— Я только что копался в компьютере Фила, — грустно сказал Максим. — К сожалению, у него было слишком много друзей. Вероятно, он нас не представил. Ты же знаешь, в последнее время мы жили в свободных отношениях.
— Подумай, может, все-таки вспомнишь. Его, кажется, звали Сергей.
— Что ни гей, то Сергей.
— Во-во. И все-таки, Максим, подумай. Это важно.
— Я кое-кого знаю из «Персея», но не думаю, что он был знаком с Филиппом. А вообще у него была очень оживленная переписка. Он разместил свою анкету на нескольких сайтах знакомств и получал десятки откликов. Увы, про место работы его корреспонденты, как правило, не сообщали, зато упоминали кое-что другое.
— Что именно?
— Ну, как тебе лучше сказать… На основании этих данных можно, пожалуй, вывести среднестатистическую длину полового члена у мужчин с нетрадиционной ориентацией от Атлантики до Урала.

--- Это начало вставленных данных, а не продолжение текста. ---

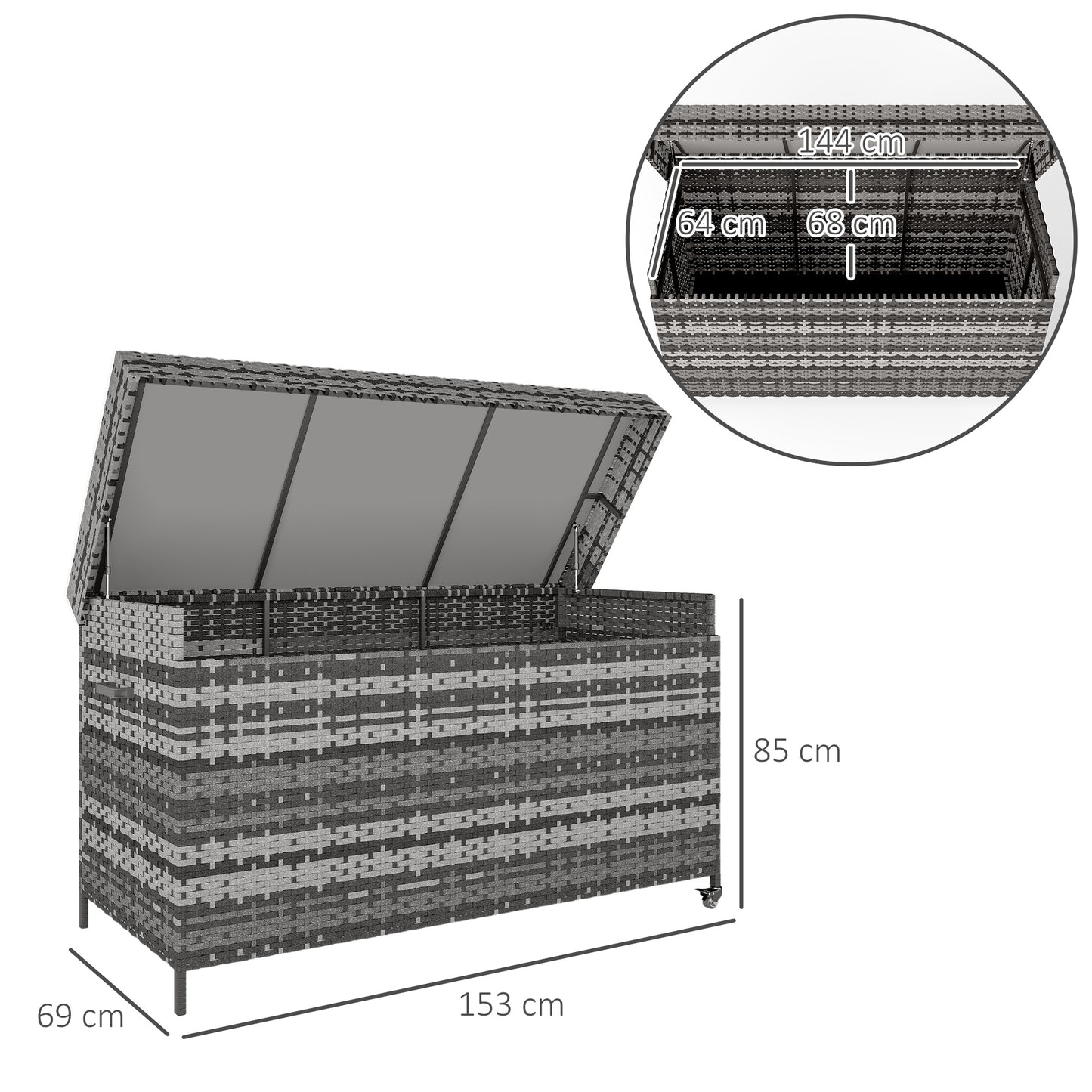 Outsunny - 627L Rattan Garden Storage Box, with Wheels, Dark Grey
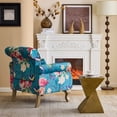 thumbnail image 3 of Ktaxon Floral Print Velvet Accent Chair with Lumbar Pillow, Upholstered Club Chair with Rubber Wood Legs, Living Room Armchair for Bedroom Reading Corner Dark Blue, 3 of 10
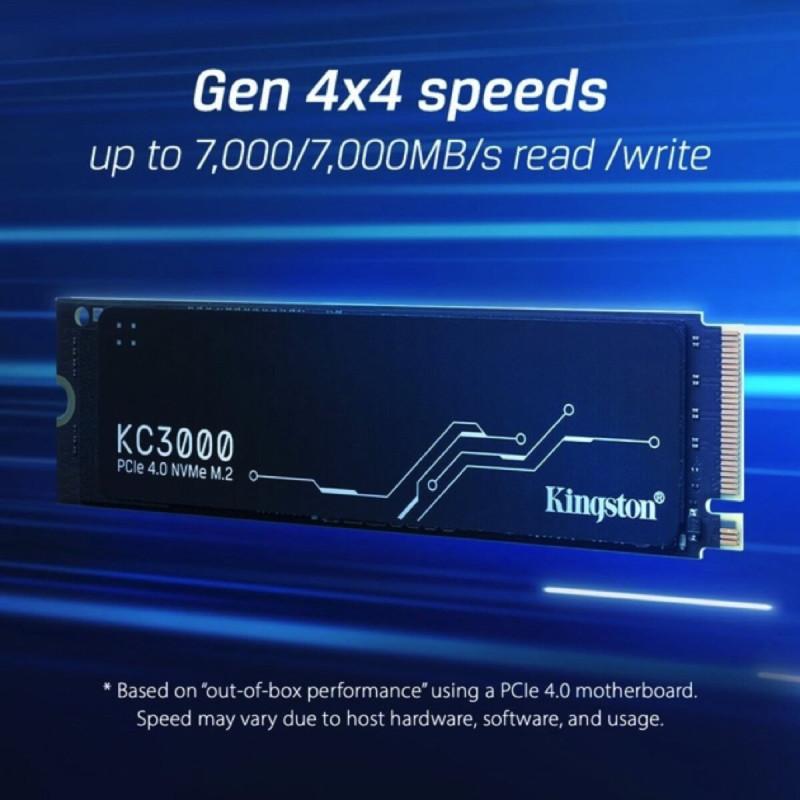 Накопичувач SSD M.2 Kingston KC3000 4096GB NVMe 2280 PCIe 4.0 x4 3D NAND TLC (SKC3000D/4096G)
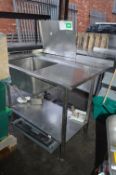 Stainless Steel Sink Unit with Undershelf & Upstan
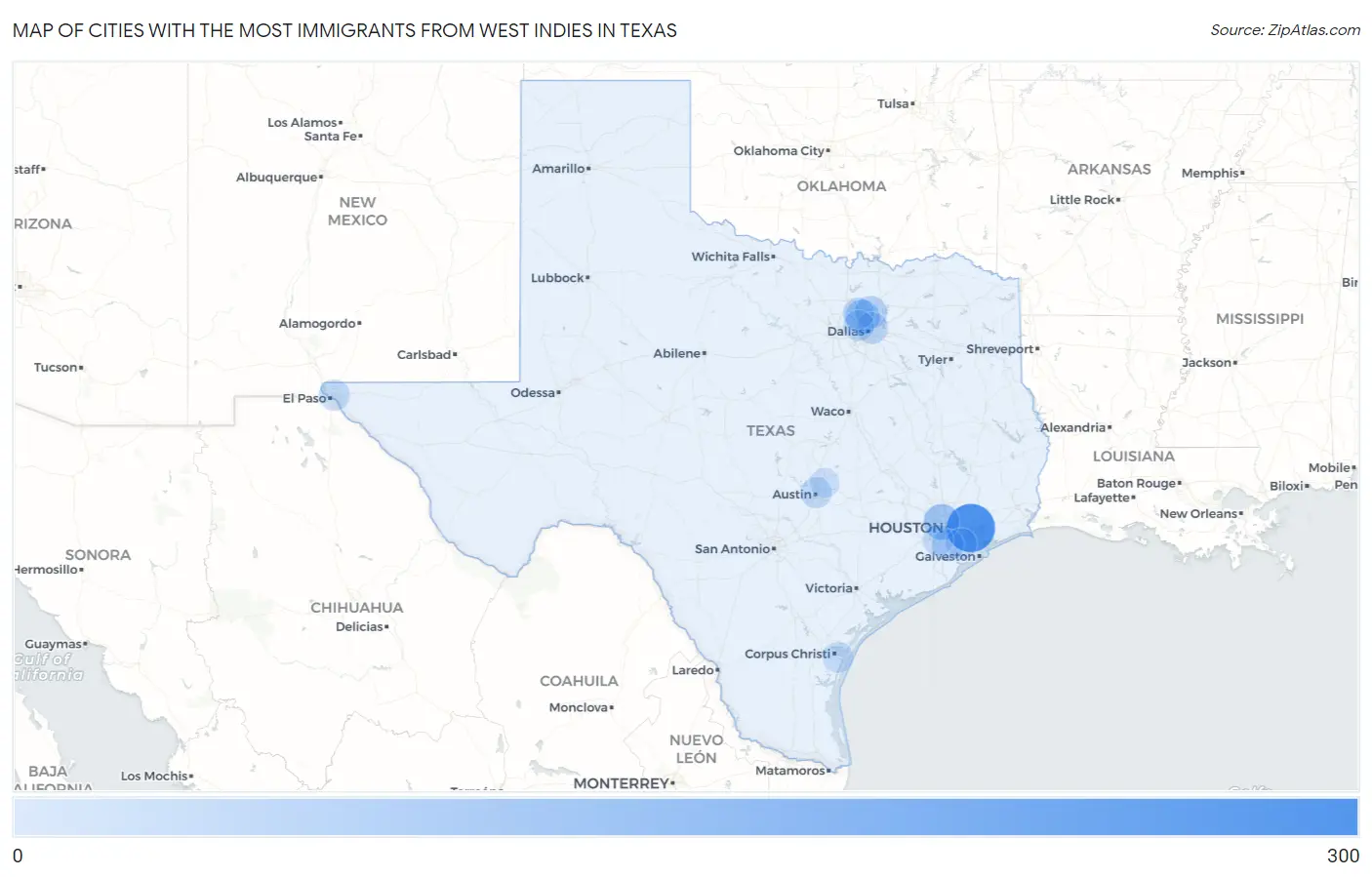 Cities with the Most Immigrants from West Indies in Texas Map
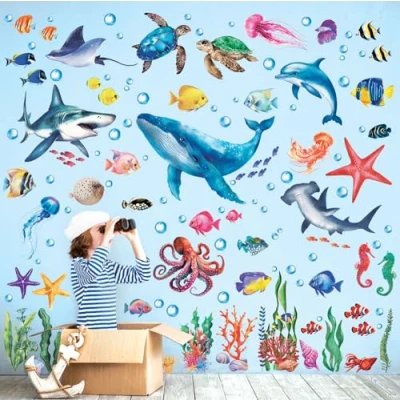 Afbeelding van DECOWALL DS12 8078 Muursticker voor kinderkamer, babykamer, woonkamer, badkamer, afneembaar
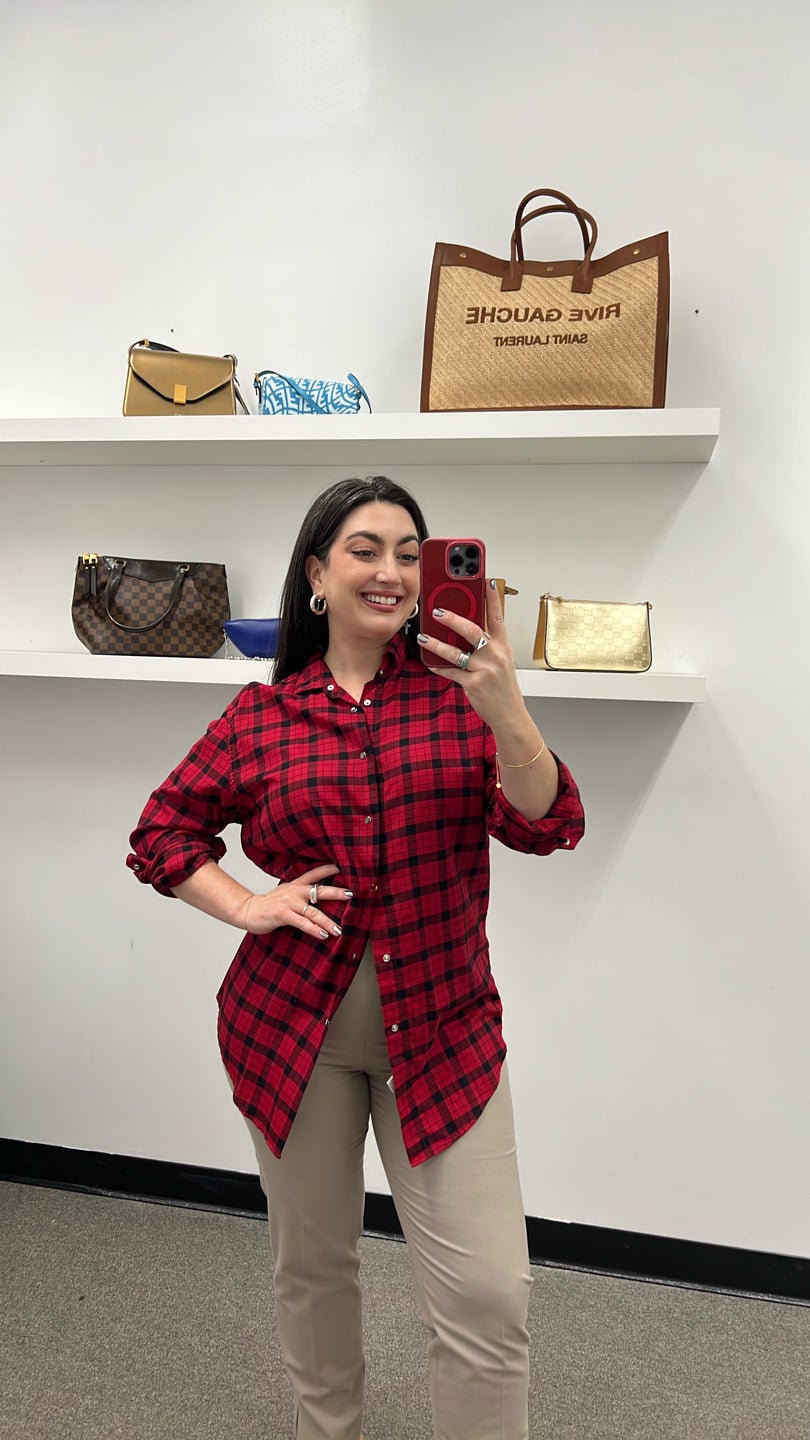 STEFANO CALMONTE Red and black plaid button down (523) — view 2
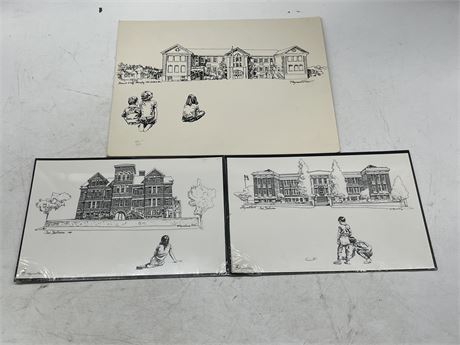 3 VANCOUVER ARTIST RAYMOND CHOW DRAWINGS 1980’S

— В здоровом теле — здоровый друг, — философски заметил Кен. — А как насчет мобильника?
— Ты не знал? Его телефон пропал. Наверное, маньяку приглянулся.
— Или кто-то заметал следы… Максим, позволь мне ненадолго взять его комп… — Кен не успел закончить.
— Знаешь, Кен, не имею понятия, что с тобой происходит, но ты хоть понимаешь, о чем просишь?
— Да, извини, но он, в конце концов, работал на меня.
— Нет, и не будем к этому возвращаться. Там много сугубо личной информации. Я понял, что тебя интересует «Персей». Обещаю, я передам тебе все, что имеет к нему какое-либо отношение. — Кену захотелось ударить собеседника бутылкой Macallan по голове и взять вожделенный Apple силой. Но он не поддался этому здравому порыву. «Делай всегда то, что первым приходит на ум. Первое впечатление — самое верное», — часто повторял один из его боссов. Впрочем, Кен не всегда следовал мудрому совету, о чем на этот раз ему предстояло сильно пожалеть.
Уже в прихожей Максим вдруг спросил Кена:
— Вы с ним спали? Скажи, пожалуйста, честно.
Алехин внимательно посмотрел в буравившие его глаза и ответил:
— Нет, я думал, вы обсуждали эту сплетню с Филиппом.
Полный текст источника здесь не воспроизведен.